Pictures stay out of the copy; set down each line of the listing below exactly.

§ **Dataset extract**
• • • •

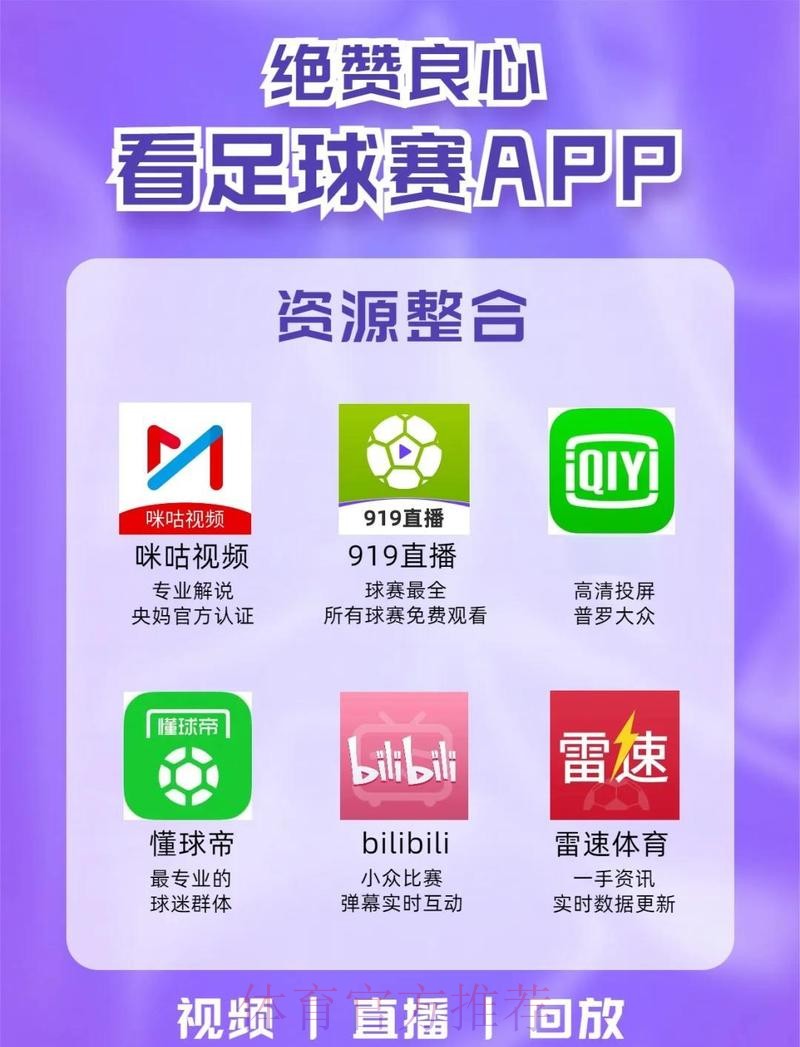 下载世界杯盘口APP官方正版，精彩尽享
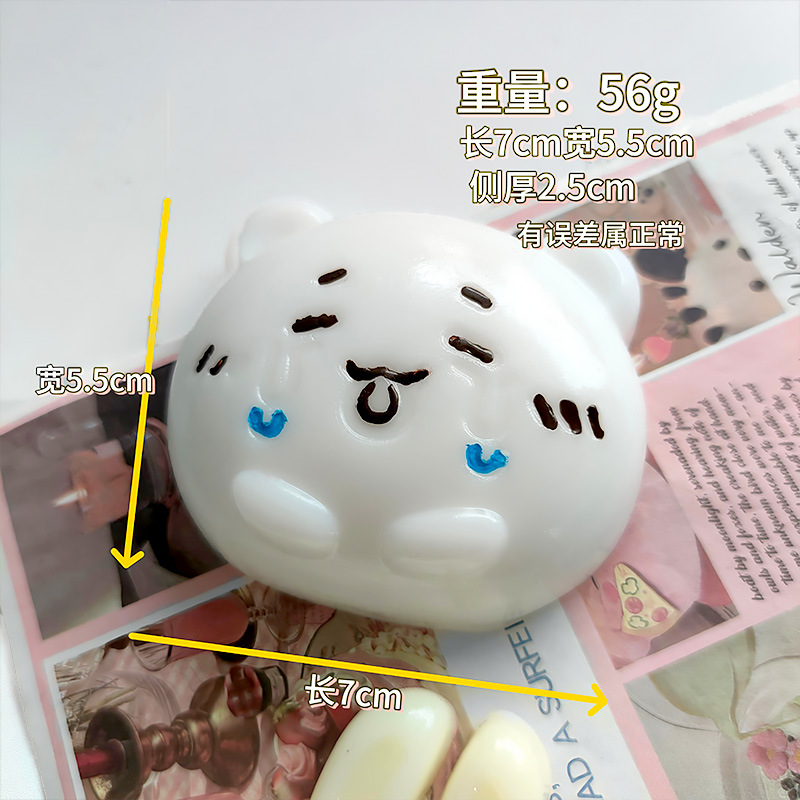 Niños no tóxicos juguetes de rebote lento descomprimir la sensación de barro gelatina de silicona de alto valor facial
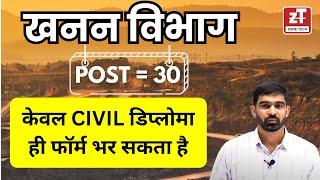 Mines and Geology Department (खान एवं भू विज्ञान विभाग) RSSB  RSMSSB JEn vacancy 2024 Out  Exam Date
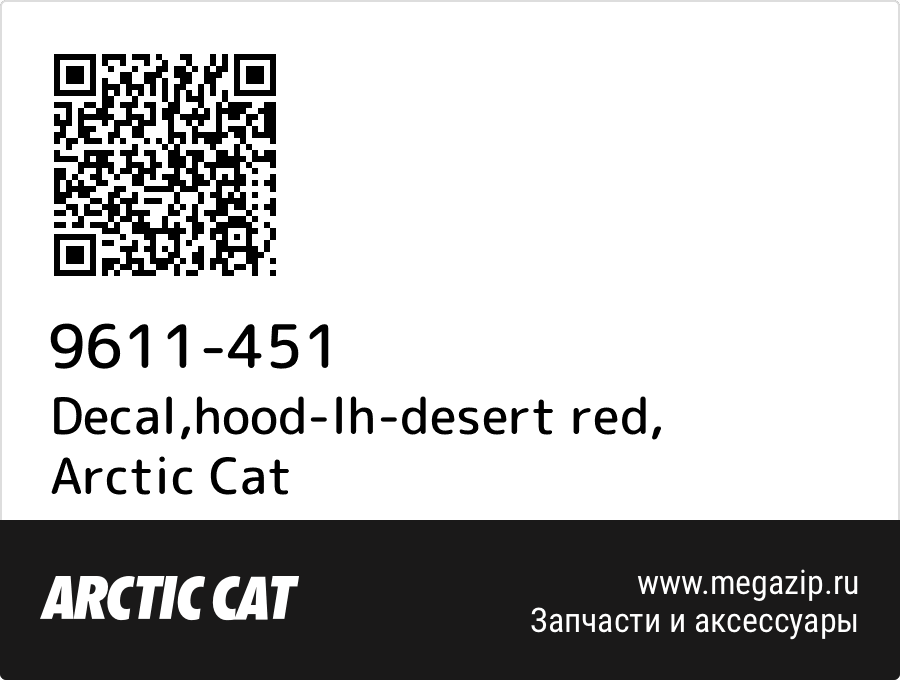 

Decal,hood-lh-desert red Arctic Cat 9611-451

• • • •

§ **Solved problem**
 下载世界杯盘口APP官方正版，精彩尽享
 Niños no tóxicos juguetes de rebote lento descomprimir la sensación de barro gelatina de silicona de alto valor facial
 Mines and Geology Department (खान एवं भू विज्ञान विभाग) RSSB  RSMSSB JEn vacancy 2024 Out  Exam Date

Decal,hood-lh-desert red Arctic Cat 9611-451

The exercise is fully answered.